Friday, July 10, 2009

They Worked - Smile For The Camera - Beekeeping in Ontario Canada

Samuel WOOD, 1820-1908, at home in Nottawa, Simcoe County, Ontario, Canada, c. 1900. He was born in West Yorkshire, England; he died at home in Ontario and is buried in Duntroon Cemetery.
The woman is probably either Hattie or Annie SCOTT, his granddaughters (sisters of my grandpa Walter).

Samuel WOOD had been a weaver in England. He emigrated to the US in the 1850s where he worked as a weaver in Bean Hill, Connecticut and in Newark, New Jersey, then with his family, he went to Ontario, Canada where he lived the rest of his life. He is listed in Canadian censuses from 1871 to 1891 as a weaver but is thought to have kept bees during that time. In the 1901 census, his occupation is given as beekeeper.
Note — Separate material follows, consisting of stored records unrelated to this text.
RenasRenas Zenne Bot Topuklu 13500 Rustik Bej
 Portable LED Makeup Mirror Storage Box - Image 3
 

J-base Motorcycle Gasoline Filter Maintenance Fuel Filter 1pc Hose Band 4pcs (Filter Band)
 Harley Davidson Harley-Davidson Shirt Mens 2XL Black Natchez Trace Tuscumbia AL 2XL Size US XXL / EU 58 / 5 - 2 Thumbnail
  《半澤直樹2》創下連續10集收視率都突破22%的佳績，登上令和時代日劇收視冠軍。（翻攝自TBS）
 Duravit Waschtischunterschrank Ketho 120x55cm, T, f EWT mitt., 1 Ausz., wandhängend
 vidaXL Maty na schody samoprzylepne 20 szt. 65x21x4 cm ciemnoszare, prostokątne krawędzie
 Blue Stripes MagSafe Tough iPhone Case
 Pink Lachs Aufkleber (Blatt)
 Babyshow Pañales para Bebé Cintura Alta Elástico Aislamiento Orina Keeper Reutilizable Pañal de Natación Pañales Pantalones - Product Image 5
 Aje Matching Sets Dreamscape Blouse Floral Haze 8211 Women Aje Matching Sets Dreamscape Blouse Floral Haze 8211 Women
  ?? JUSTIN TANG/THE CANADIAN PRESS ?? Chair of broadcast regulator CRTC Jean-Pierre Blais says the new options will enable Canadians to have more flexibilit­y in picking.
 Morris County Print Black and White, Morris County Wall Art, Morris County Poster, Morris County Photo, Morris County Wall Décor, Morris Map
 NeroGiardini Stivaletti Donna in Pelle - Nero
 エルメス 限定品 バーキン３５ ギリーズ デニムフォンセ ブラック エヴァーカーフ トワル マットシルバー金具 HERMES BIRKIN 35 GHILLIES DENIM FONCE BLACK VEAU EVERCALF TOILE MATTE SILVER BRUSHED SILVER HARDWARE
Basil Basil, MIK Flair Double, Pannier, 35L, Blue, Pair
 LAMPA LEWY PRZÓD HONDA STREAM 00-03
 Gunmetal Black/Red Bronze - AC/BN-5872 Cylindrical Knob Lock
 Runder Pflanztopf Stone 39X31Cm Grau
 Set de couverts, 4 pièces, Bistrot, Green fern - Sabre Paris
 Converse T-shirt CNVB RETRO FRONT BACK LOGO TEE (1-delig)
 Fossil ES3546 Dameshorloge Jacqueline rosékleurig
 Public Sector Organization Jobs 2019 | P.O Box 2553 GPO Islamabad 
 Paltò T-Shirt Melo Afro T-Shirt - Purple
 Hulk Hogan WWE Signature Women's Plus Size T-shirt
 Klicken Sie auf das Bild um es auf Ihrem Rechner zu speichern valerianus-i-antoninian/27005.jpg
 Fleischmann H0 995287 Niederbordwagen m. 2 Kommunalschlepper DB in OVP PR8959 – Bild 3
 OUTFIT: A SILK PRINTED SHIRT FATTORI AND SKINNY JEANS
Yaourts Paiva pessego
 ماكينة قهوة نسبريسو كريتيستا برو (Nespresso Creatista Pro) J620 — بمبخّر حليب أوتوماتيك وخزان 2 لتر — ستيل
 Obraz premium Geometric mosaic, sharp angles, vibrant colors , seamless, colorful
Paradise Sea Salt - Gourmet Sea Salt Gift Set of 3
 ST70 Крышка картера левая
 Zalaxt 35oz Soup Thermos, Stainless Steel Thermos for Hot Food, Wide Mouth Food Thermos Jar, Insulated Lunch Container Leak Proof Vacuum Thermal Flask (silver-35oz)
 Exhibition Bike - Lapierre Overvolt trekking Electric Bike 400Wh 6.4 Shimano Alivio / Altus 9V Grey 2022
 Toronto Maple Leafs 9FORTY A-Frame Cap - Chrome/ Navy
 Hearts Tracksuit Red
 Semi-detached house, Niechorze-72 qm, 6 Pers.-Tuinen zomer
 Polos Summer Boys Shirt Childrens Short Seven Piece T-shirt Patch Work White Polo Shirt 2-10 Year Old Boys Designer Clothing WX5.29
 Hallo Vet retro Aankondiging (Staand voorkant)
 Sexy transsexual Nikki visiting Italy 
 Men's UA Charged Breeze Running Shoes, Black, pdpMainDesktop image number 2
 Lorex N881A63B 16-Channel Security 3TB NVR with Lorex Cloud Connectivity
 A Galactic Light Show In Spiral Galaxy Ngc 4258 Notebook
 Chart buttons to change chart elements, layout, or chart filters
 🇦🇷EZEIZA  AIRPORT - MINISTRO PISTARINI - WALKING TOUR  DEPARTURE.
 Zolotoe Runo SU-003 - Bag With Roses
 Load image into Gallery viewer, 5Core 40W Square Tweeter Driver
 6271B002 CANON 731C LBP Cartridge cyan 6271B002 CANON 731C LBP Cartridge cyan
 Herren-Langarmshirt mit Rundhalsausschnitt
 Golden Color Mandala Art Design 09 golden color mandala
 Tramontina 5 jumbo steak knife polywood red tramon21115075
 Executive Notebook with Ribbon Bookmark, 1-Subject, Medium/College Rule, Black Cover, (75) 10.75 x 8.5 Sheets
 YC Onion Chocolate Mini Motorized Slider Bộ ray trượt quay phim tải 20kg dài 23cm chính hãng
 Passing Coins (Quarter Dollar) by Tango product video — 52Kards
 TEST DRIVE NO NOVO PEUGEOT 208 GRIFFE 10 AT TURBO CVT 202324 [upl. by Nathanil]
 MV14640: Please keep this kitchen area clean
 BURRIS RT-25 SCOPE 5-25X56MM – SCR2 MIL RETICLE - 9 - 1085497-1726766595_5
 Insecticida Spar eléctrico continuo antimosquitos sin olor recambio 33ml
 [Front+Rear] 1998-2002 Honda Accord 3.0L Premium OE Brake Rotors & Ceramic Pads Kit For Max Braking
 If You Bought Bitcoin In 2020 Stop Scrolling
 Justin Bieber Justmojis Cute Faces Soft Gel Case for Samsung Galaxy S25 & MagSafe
I believe he was a member of the Ontario Beekeepers' Association and I intend to do research about this on my next trip to Ottawa. Library and Archives Canada holds some materials relating to beekeeping and beekeepers in Ontario, including a membership roll for the Ontario Beekeepers' Association 1892-1894 and a list of names of non-member beekeepers in Ontario in 1883 (in the Apiculture collection donated by P. W. Burke, 1985).

In this photograph, the only one I know of showing anything to do with Samel WOOD and beekeeping, Samuel is holding what appears to be a newspaper along with a magnifying glass. (I suspect the glass is to help him read the paper.) Since I love reading old newspapers, I hope to find an article about Samuel WOOD and his beekeeping in a local paper someday. I had thought perhaps this photograph might have been sent along to family in Manitoba with a mention of such an article, but, so far, no luck in that search.

This post was written for the 15th Edition of the Smile for the Camera! Carnival.

The word prompt for the 15th Edition of Smile For The Camera is "they WORKED hard for the family." The professions of our ancestors are almost as interesting as the people themselves. Some of our ancestors worked very hard; they took in laundry, worked the land, raised many children, or went to school and became professionals. Photographs of them working are called occupational photographs and are rather hard to find. If you do have a photograph in your collection or family photographs, bring them to the Carnival. If not, post a photograph of one of your relatives or ancestors and tell us what they did for a living. Use your imagination, this one is tricky. Admission is free with every photograph!

Watch for the Smile for the Camera Carnival to be posted soon.

1 comment:

kinfolknews said...

Beekeeping! How unusual. Thanks for sharing the photo and story.